Sunday, November 6, 2011

Why Rilke Matters

I am not about to convince you that reading Rainer Maria Rilke can change your life, though it might. Of course, you have to understand his poems, which can be quite a challenge because it really means understanding the German originals. Even in the various good English translations, I find complexities and would find teaching them impossible (in a way that teaching Dante is not).

Yet I have always sensed a mysterious power in his taut verse, which searches for the ineffable in a pre-modernist mode--he died in 1926--that speaks to the secular world of the early 20th century about matters of the spirit.

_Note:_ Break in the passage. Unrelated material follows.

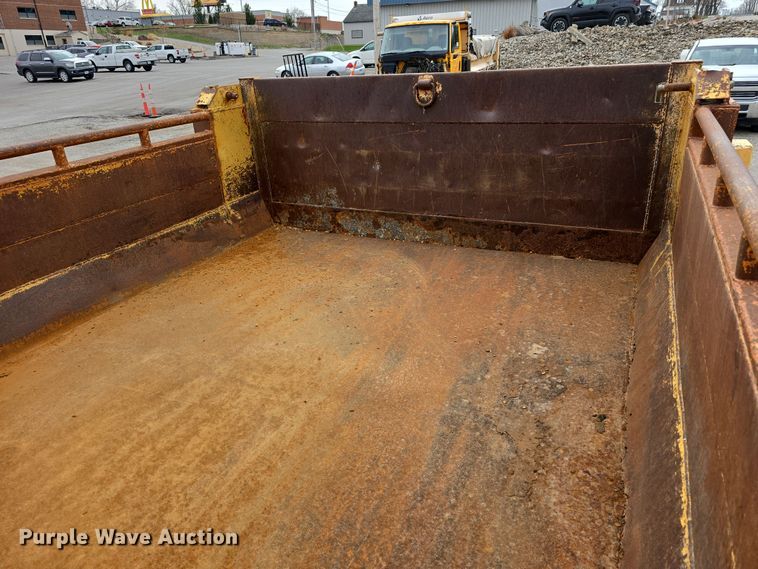 image for item DT6767 2006 International 7400 Crew Cab dump truck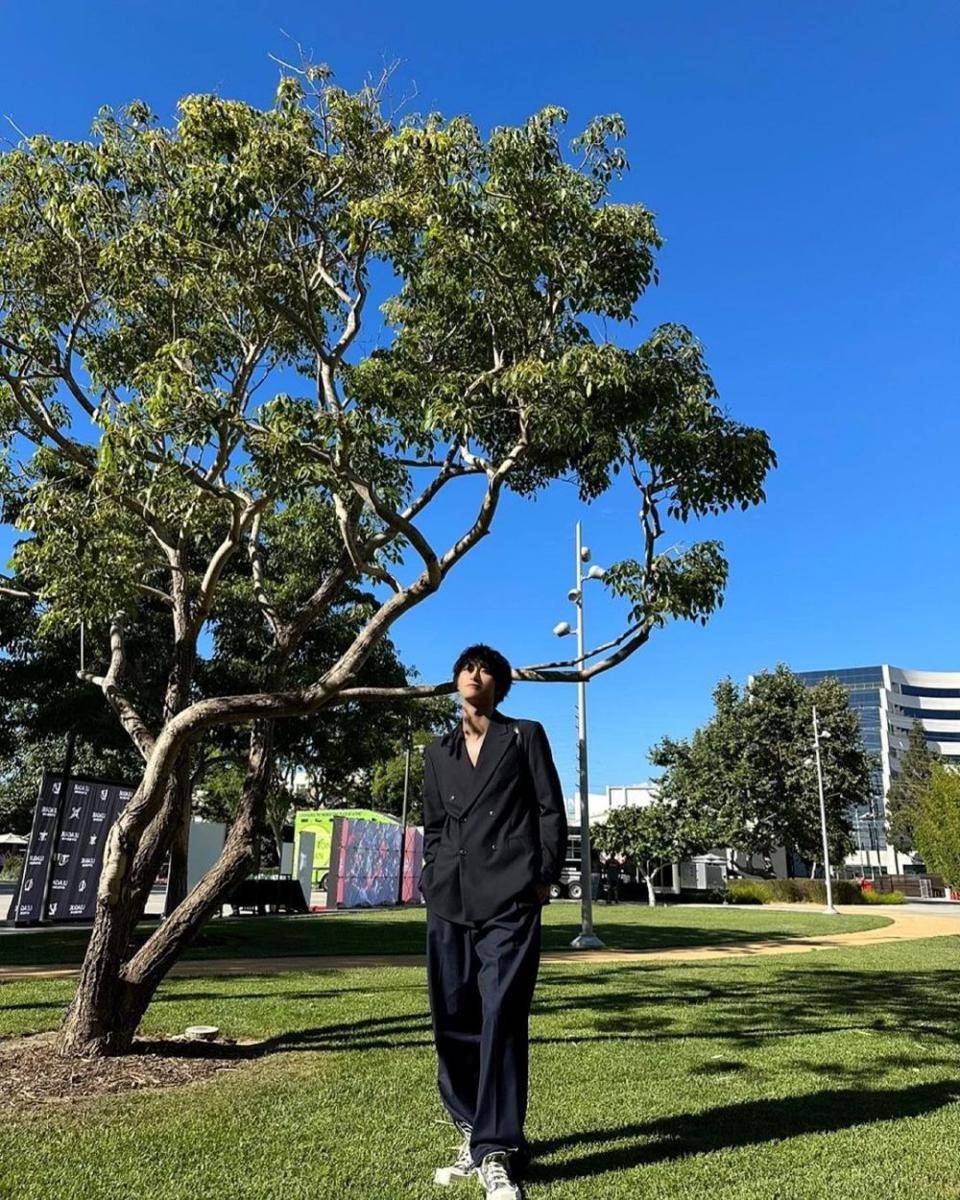 outfit oversize ala Seonghwa ATEEZ (instagram.com/ateez_official_)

Although most people who read them admire his Duino Elegies and Sonnets to Orpheus, I have a devotion, thanks to Robert Bly's translation, to his earlier Book of Hours, or, as Bly calls it, A Book for the Hours of Prayer. This was Rilke's first major book, written 1899-1903.

Here Rilke shows himself to be the poet of solitude and silence, the poet of darkness, the darkness of fertility and unknowing, as in the mystics of the medieval tradition. Although Rilke rejected the smothering piety of his mother's Catholicism, he was deeply affected by its traditions and by the value of prayer, especially the via negativa.

Rilke is the poet of inner spaces, as if interiorizing the desert image found in other writers. He is also the poet's poet, the careful craftsman who lived largely in isolation in various parts of Europe, waiting for the great outbursts of inspiration that produced both lyrical prose and incomparable verse. Although he can be faulted for seeming self-centered, Rilke speaks with a cosmic voice, as when he says (Bly's trans.), "I have faith in nights."

This poem begins by addressing God or the creative darkness: "You darkness that I come from,/I love you more than all the fires/ that fence in the world...it is possible a great energy/ is moving near me." You see what I mean: the English is uniquely direct, simple in style, yet subjective, elusive and untranslatable. He is like a modern John of the Cross. (I am reminded of T. S. Eliot's statement that we do not have to understand a poem in order to appreciate it.)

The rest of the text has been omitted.